Top of AVAILABLE RECORDS

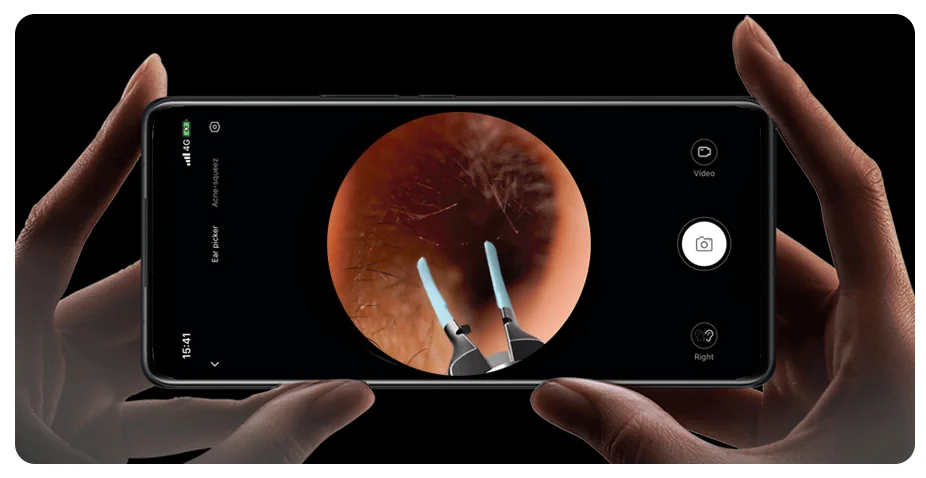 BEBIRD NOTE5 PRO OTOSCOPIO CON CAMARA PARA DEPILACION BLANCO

Bottom of AVAILABLE RECORDS
Top of AVAILABLE RECORDS

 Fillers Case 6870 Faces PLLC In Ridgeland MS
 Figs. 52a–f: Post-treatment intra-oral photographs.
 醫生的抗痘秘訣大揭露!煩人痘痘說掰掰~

Bottom of AVAILABLE RECORDS

WHAT YOU SHOULD DO
Copy out each line of the data above, exactly, if it lies between the line holding "Figs. 52a–f: Post-treatment" and the line holding "醫生的抗痘秘訣大揭露!煩人痘痘說掰掰~", inclusive; copy no other line.

OUTPUT OF THE EXERCISE
 Figs. 52a–f: Post-treatment intra-oral photographs.
 醫生的抗痘秘訣大揭露!煩人痘痘說掰掰~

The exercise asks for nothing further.